The apron tunic thingy was rumpled because she had only just taken it out of her bookbag from the week before. This made me angry. I scolded her. Harshly. Responsibility and keeping things nice and a uniform and putting things away and blah and blah and she looked wounded.
"A lot of girls don't wear theirs. So I took it off."
"No. Not an option for you. It is a Uniform. You wear yours. I don't want to hear anything else about it."
The next morning, she put it on. Pressed. Over a pressed light blue shirt. Khaki bermuda shorts. Plaid tennies.

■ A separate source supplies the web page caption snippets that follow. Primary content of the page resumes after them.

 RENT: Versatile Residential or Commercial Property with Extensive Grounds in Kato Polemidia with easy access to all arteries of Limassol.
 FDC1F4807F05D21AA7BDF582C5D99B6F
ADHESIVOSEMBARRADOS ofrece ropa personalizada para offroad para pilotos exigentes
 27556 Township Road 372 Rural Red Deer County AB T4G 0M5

In the afternoon, I picked her up. At her request, I had let her go to after care after Daisies. She ran up to me. Apron-less.

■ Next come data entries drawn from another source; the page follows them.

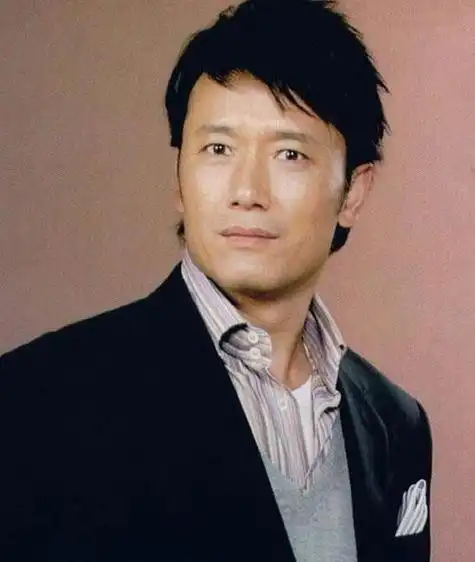 香港老牌男神近照有人七十多岁还神采奕奕有人60岁老态尽显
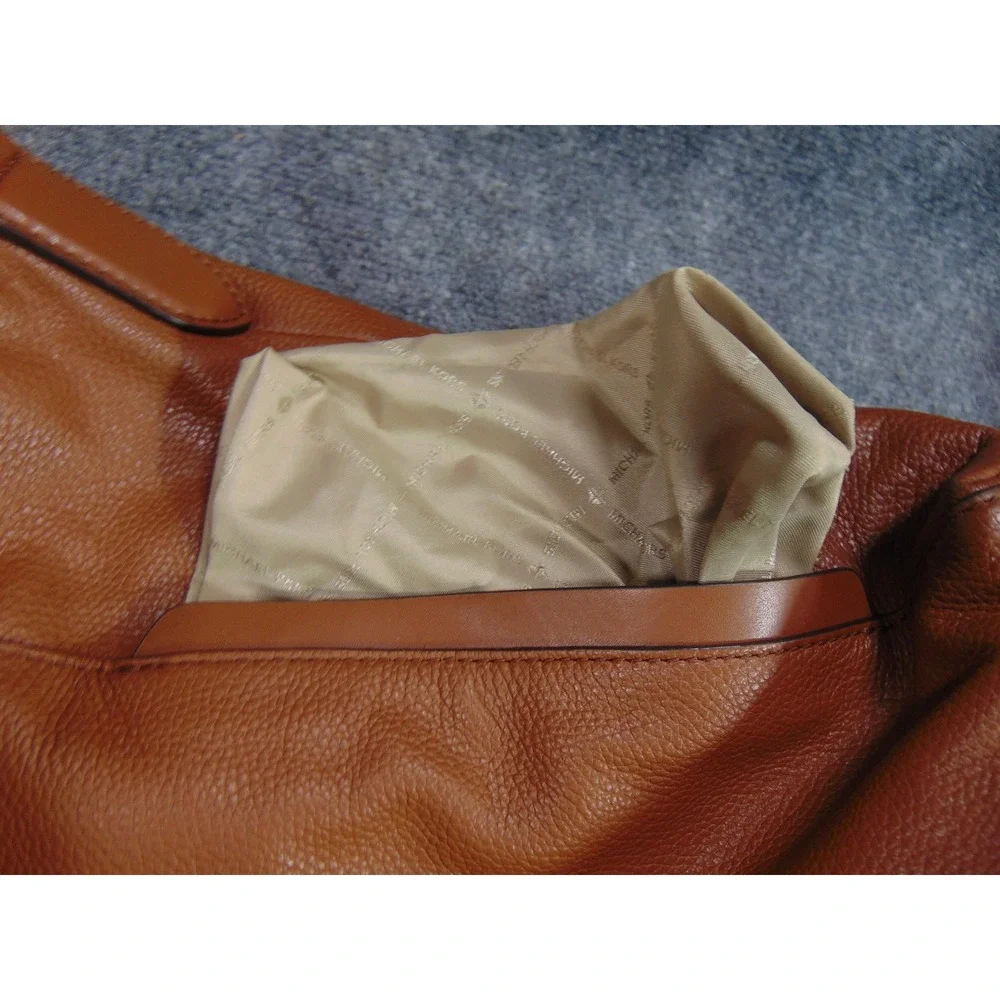 Michael Kors Bedford Purse‎ Brown Pebbled Leather Shoulder Bag Zip Top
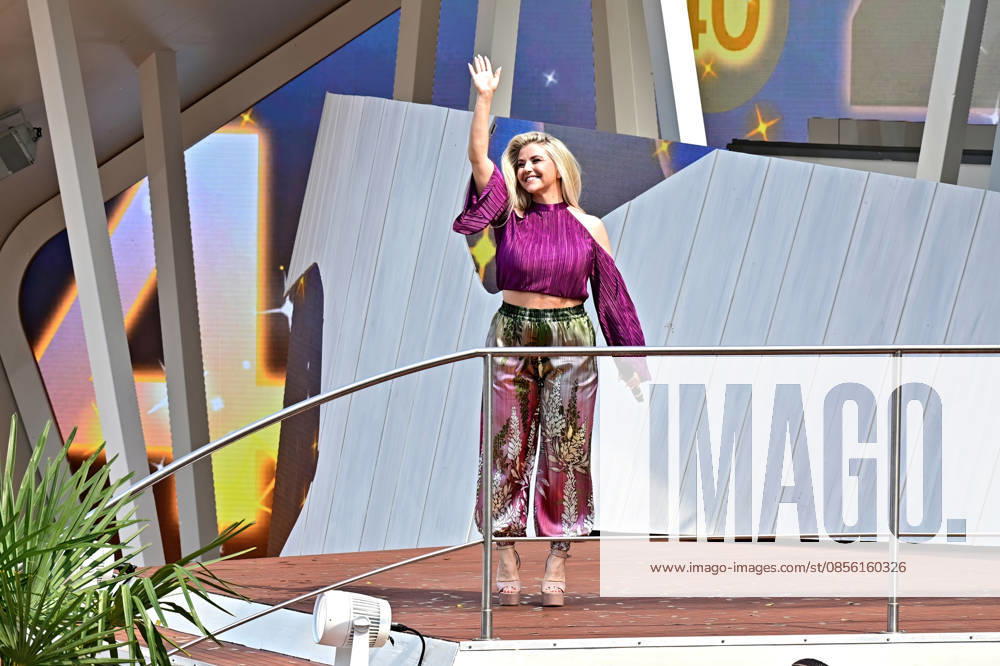ZDF Fernsehgarten singer Beatrice Egli during the ZDF entertainment show Fernsehgarten on 10 05 2026 in Mainz 20260510MWI120394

"Annabeth...?" With a raised eyebrow.
"Mom, Daisies weren't today. Or last week either. Can't I just not wear it on Thursdays when there is no Daisies? No one else has to."
Two weeks in a row, I sent her to school in her irrelevant Daisy uniform. Twice, she had to save face alone. Feeling, no doubt, a little silly.
Like I felt, hearing it.
Daisies, I then learned (and no doubt had been explicitly told before - in person, via email, and on some printed something or another by the far more organized Daisy moms) are on the FIRST THURSDAY of every month.
And next Thursday? I will Be Prepared.
On my honor, I will try...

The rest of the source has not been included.